Der Tod fährt Hochrad

Ein Menschen-Puzzle aus verlorenen Seelen und verschwundenen Leibern. Marcel Odenbachs kleinteilige und großartige Bildererkundungen zu Kolonialismus bzw. NS-Zeit in der Kunsthalle Wien. Noch bis 30. April.

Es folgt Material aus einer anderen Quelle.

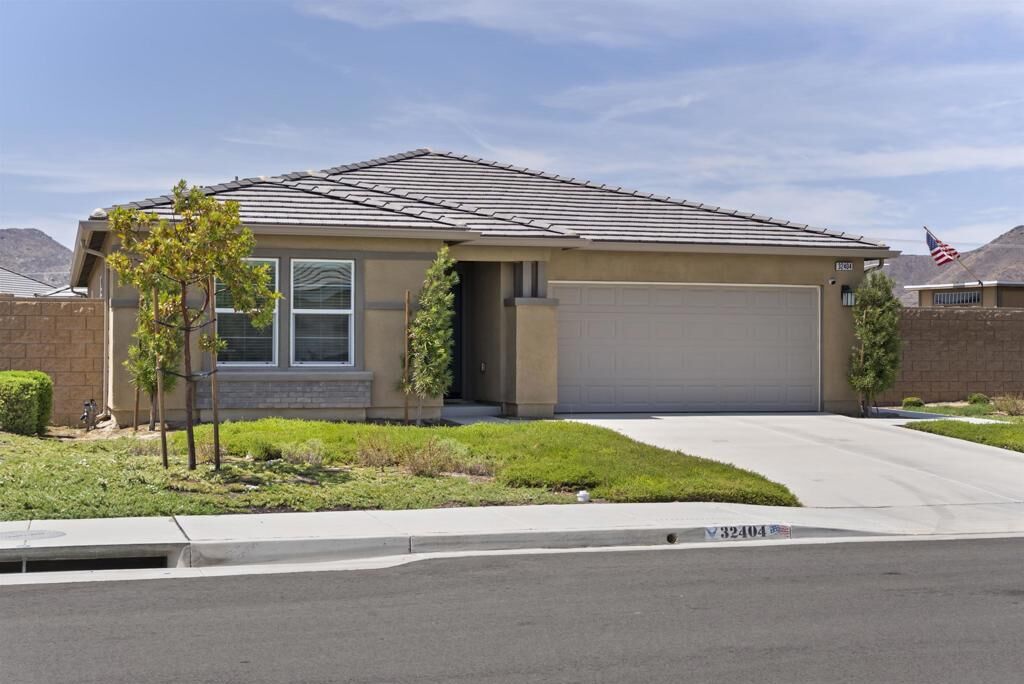 Property Photo:  32404 Wild West Ct  CA 92596 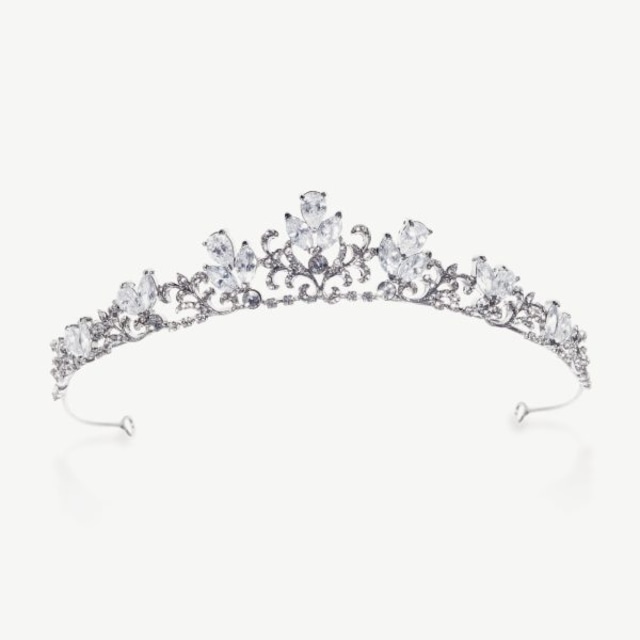 【レンタル】Ivory & Co. アイボリー・アンド・コー Eternal Love エターナル ラブ ブライダルティアラ ジルコニア クリスタル クリスタル シルバー 結婚式 アクセサリー (IC-T26-R)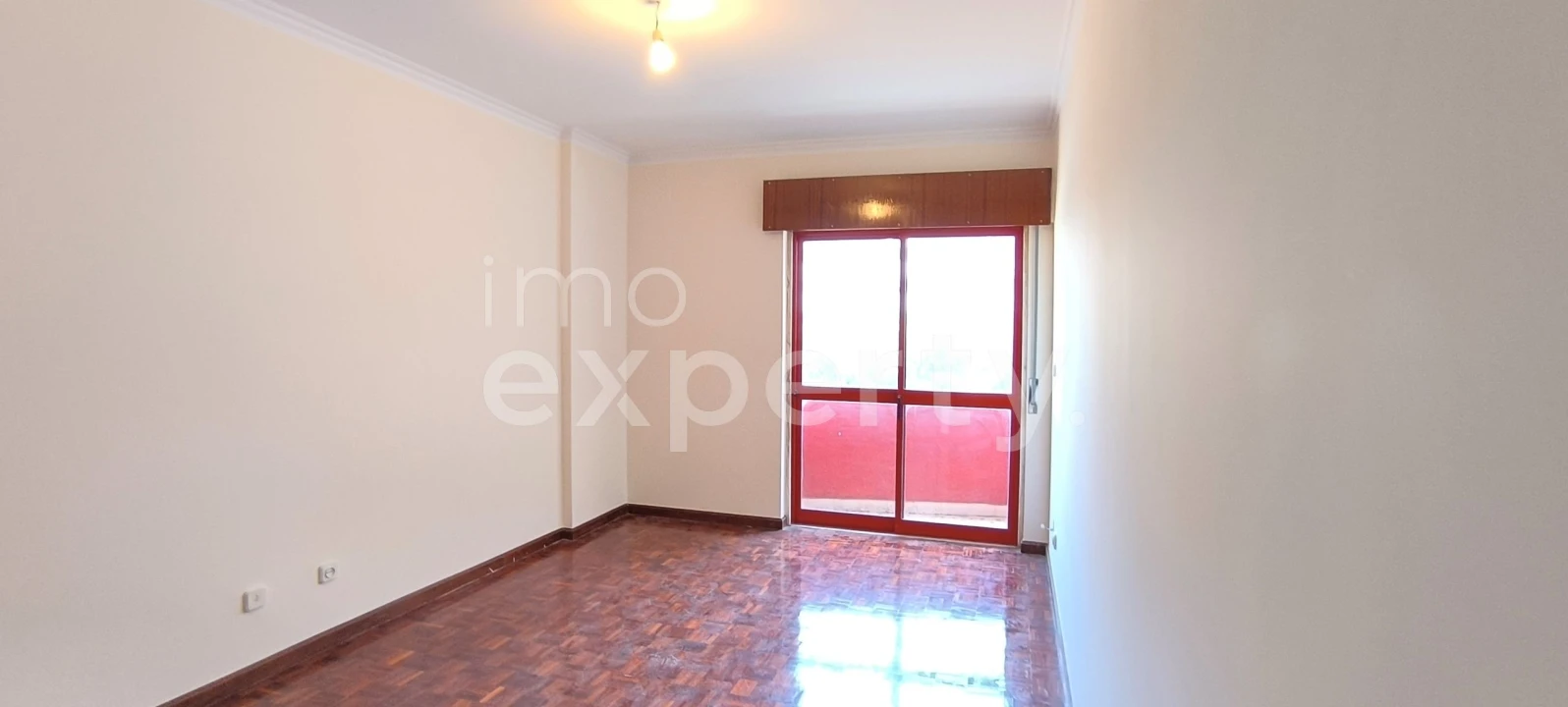 Apartamento T2 para Venda em Algueirão-Mem Martins Foto 12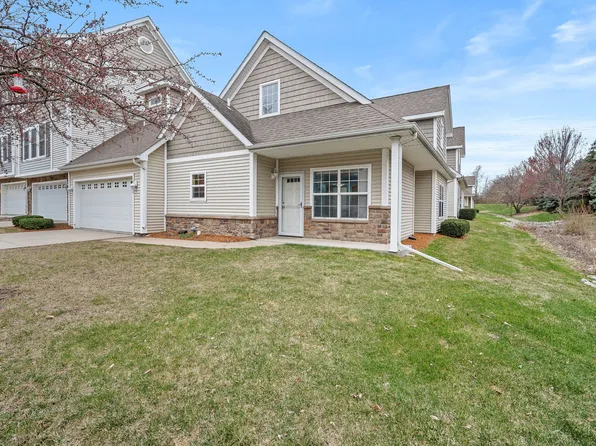 4306 154th St, Urbandale, IA 50323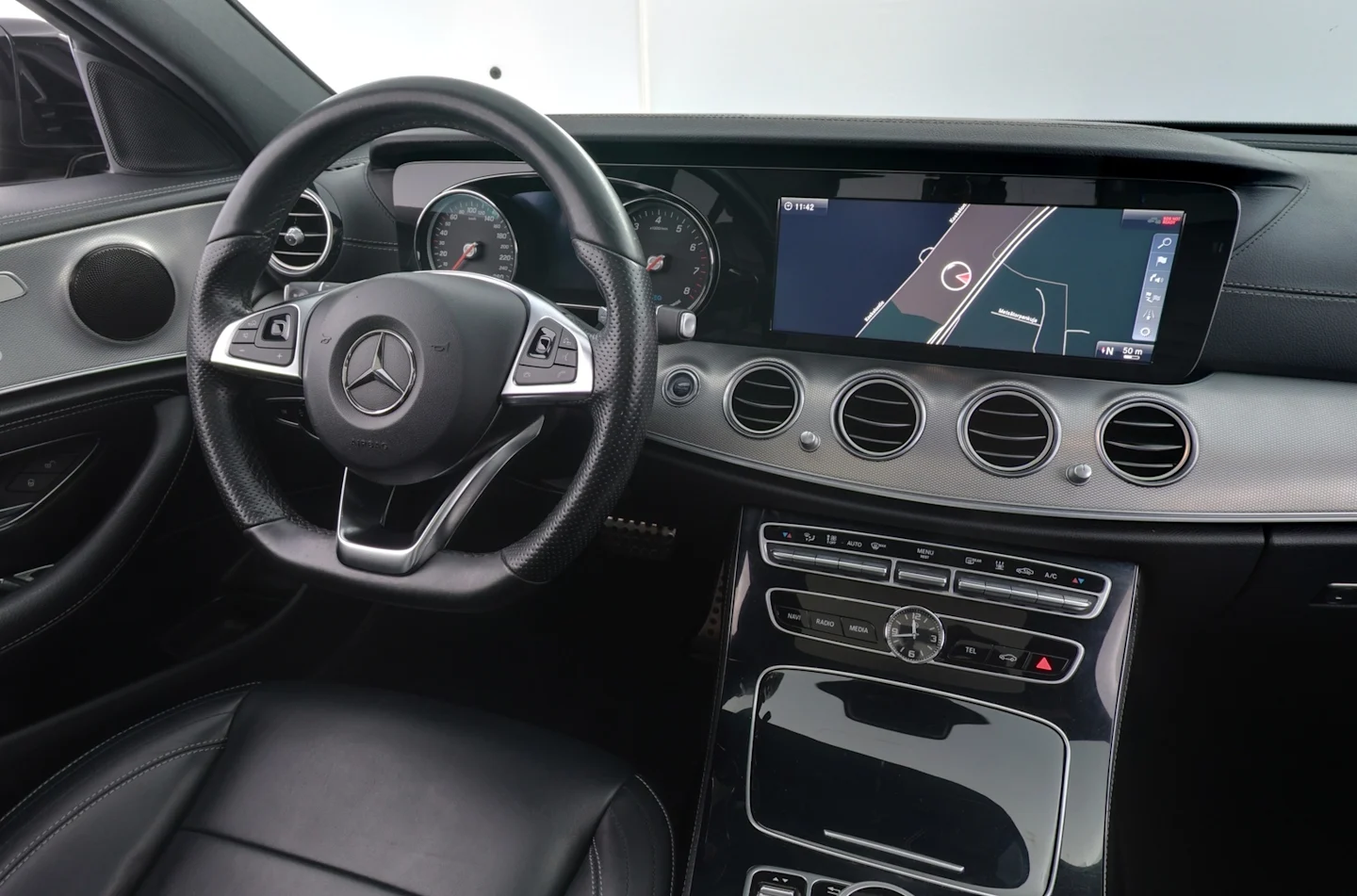 Car Image - 7IKRQO6GmrScPINeXgvHig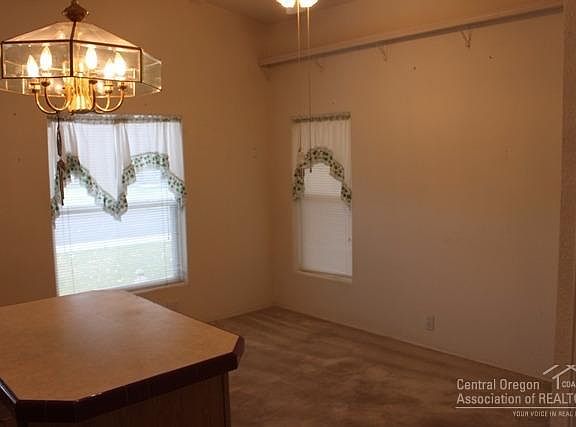5th image of 1549 NE Deedie Ct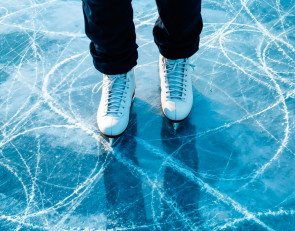 Коньки на льду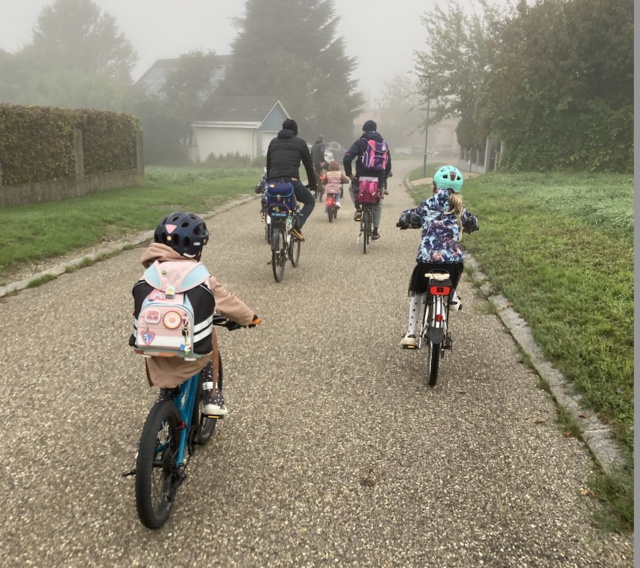 Auch wenn das Wetter ungemütlicher wird, rollt der Velobus Richtung Schule - die Bewegung hält schließlich warm. | Foto: Verena Bernardi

Eine Palmentapete quer über den Saal, aus lauter kleinen Bildern erzeugt, nennt sich »Durchblicke« (2007). Menschengesichter aus der Zeitung ausgeschnitten. »Not enough – we want all« ist eine Titelüberschrift aus so einem Zeitungsausschnitt. Cuts und Cuttings erzeugt der Künstler Marcel Odenbach, der gerade in der Wiener Kunsthalle ausstellt. Scherenschnitte mit Monarchen und Untertanen, Kolonialherren mit weißen Tropenhelmen versus dunkle Gesichter auf Schwarz. Nachbilder afrikanischer Menschen – ähnlich wie wenn man die Augen schließt und an jemanden »Verblichenen« denkt. Dazwischen weiße Papierreste, Splitter, Fragmente, bei denen die Zeichnung durchschimmert. Mehrere Schichten von Palmblättern überlagern einander. Man sieht Tausende kleiner Menschenbilder auf dieser riesigen Palmentapete, aber nur, wenn man nahe herankommt, sie nahe an sich heranlässt.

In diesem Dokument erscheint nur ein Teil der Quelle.